Fig. 1 shows a cross-sectional view of a textile 100 illustrating the weaving of an electrically conductive weft yarn 140 in a multilayer warp 105. The multilayer warp 105 of the textile (or fabric) 100 comprises a first layer 110, a second layer 120 and a third layer 130 arranged between the first layer 110 and the second layer 120. The yarns 111 and 112 of the first, second and third layers 110, 120 and 130 are arranged along a so-called warp direction, thereby defining the multilayer warp 105. The first layer 110 comprises electrically conductive yarns 111 electrically isolated from each other by at least one electrically insulating yarn 112. In the present embodiment, two adjacent electrically conductive warp yarns 111 of the first layer 110 are electrically separated by three electrically insulating warp yarns 112. The second and third layers 120 and 130 comprise electrically insulating yarns 122 and 132, respectively. The first layer 110 and the second layer 120 define a first face 101 and a second face 102, respectively, of the multilayer warp 105.

The textile 100 also comprises a weft comprising electrically conductive yarns 140 electrically separated from each other by at least one insulating weft yarn 141 (also shown in Fig. 2). The weft yarns are arranged along a so-called weft direction which is different from the warp direction. As an example, the weft and warp directions may be orthogonal to each other. However, any angle may be formed between these two directions. The electrically conductive weft yarn 140 is interwoven within the yarns of the multilayer warp 105, between the first face 101 and the second face 102, and crosses the first face 101 by means of a loop 145 arranged around a selected warp yarn X of the first layer 110.
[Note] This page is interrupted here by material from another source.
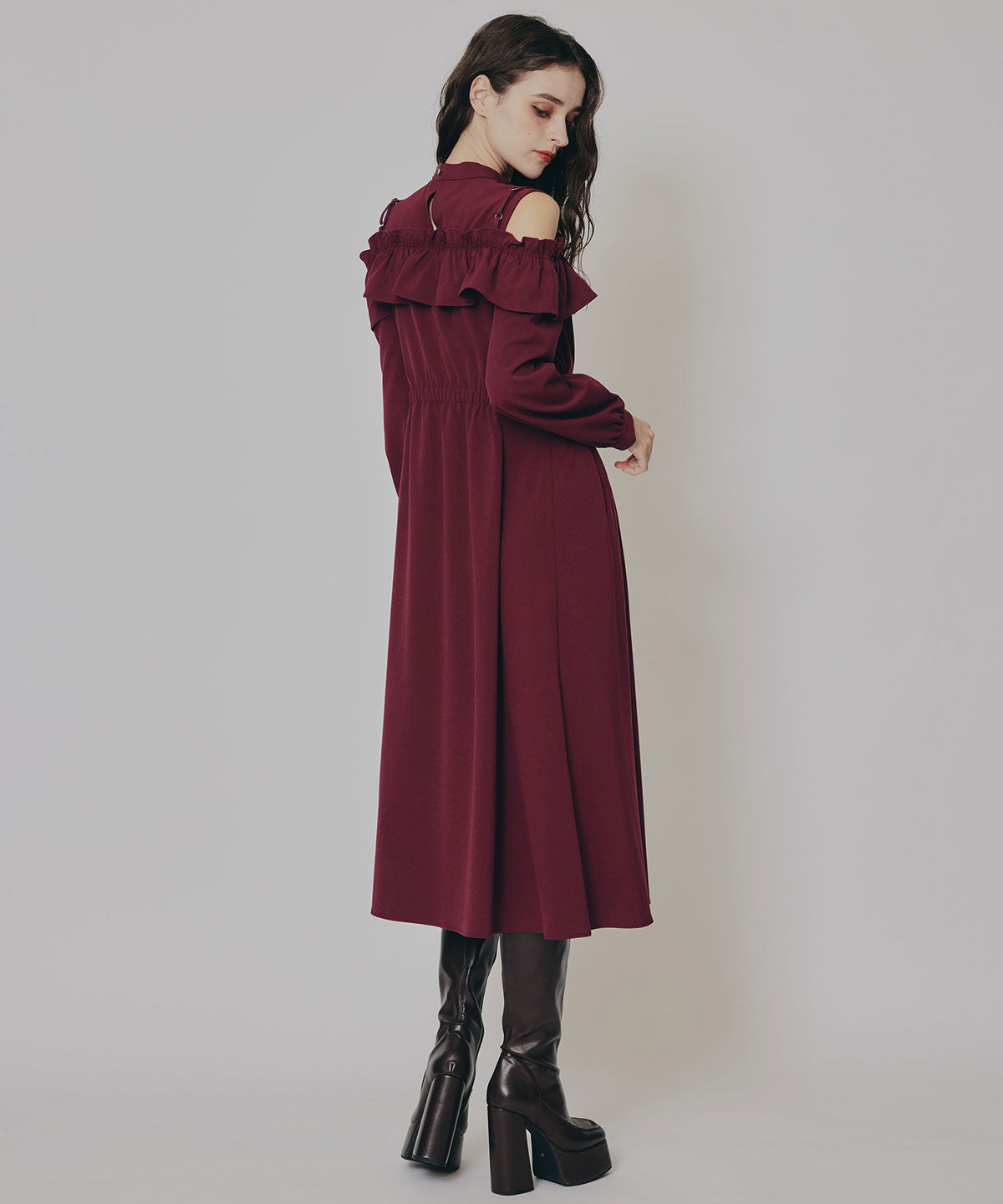 REDYAZEL「オープンショルダーフリルワンピース」|ワンピース|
Fig. 2 shows a cross-sectional view of the textile 100 illustrating the weaving of the insulating weft yarns 141 in the multilayer warp 105 according to an embodiment of the present invention, which embodiment may be used in combination with the embodiment described with reference to Fig. 1. However, it is to be noted that the insulating weft yarns of the embodiment described with reference to Fig. 1 may be interwoven in a different manner than that shown in Fig. 2. At least some of the electrically insulating weft yarns 141 cross the first face 101 of the multilayer warp 105 and cover the electrically conductive warp yarns 111 of the first layer 110 in order to prevent short-circuiting between the electrically

conductive warp yarns 111 of the first layer 110 mutually, and between the electrically conductive warp yarns 111 and the zones of the electrically conductive weft yarn 140 located at the second face 102 of the multilayer warp 105, e.g. when wrinkling the textile. However, components will normally be attached to the zones of the electrically conductive weft yarn 140 located at the second face 102, thereby avoiding short-circuiting at these positions. In the example shown in Figs 1 and 2, all of the electrically insulating weft yarns cover the electrically conductive warp yarns.
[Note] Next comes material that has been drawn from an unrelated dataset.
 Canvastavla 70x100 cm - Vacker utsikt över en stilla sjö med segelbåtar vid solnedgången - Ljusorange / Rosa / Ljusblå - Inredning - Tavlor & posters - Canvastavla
In the present embodiment (as shown in Fig. 1 and 2), the selected warp yarn X is one of the electrically insulating warp yarns 112 of the first layer 110, thereby defining, by means of the loop 145, first electrical connection zones 114 at the first face 101 of the multilayer warp 105 (or textile 100). The first electrical connection zones 114 are electrically separated from the electrically conductive warp yarns 111 of the first layer 110 by at least one insulating warp yarn 112, thereby defining second electrical connection zones 115 at neighboring electrically conductive warp yarns 111 of the first layer 110. The second electrical connection zones 115 are electrically separated from each other by means of the insulating weft yarns 141. It is also possible to form second electrical connection zones if only some of the insulating weft yarns cover the electrically conductive warp yarns, which will be described with reference to Fig. 8 later. In the present embodiment, the insulating weft yarns 141 cross the first face 101 of the multilayer warp 105 and cover three adjacent warp yarns of the first layer 110, thereby forming a float. The three adjacent warp yarns comprise one electrically conductive yarn 111 arranged between two electrically insulating warp yarns 112. However, it is to be noted that the electrically insulating weft yarns 141 may be interwoven to only cover the electrically conductive warp yarns of the first layer 110 and not the insulating warp yarns. Similarly, the interweaving of an electrically insulating weft yarn 141 may be different from the interweaving of its adjacent electrically insulating weft yarns. An example in which the interweaving of adjacent insulating weft yarns differ form one to another and in which the electrically conductive warp yarns are partially covered by the insulating weft yarns will be described with reference to Fig. 8.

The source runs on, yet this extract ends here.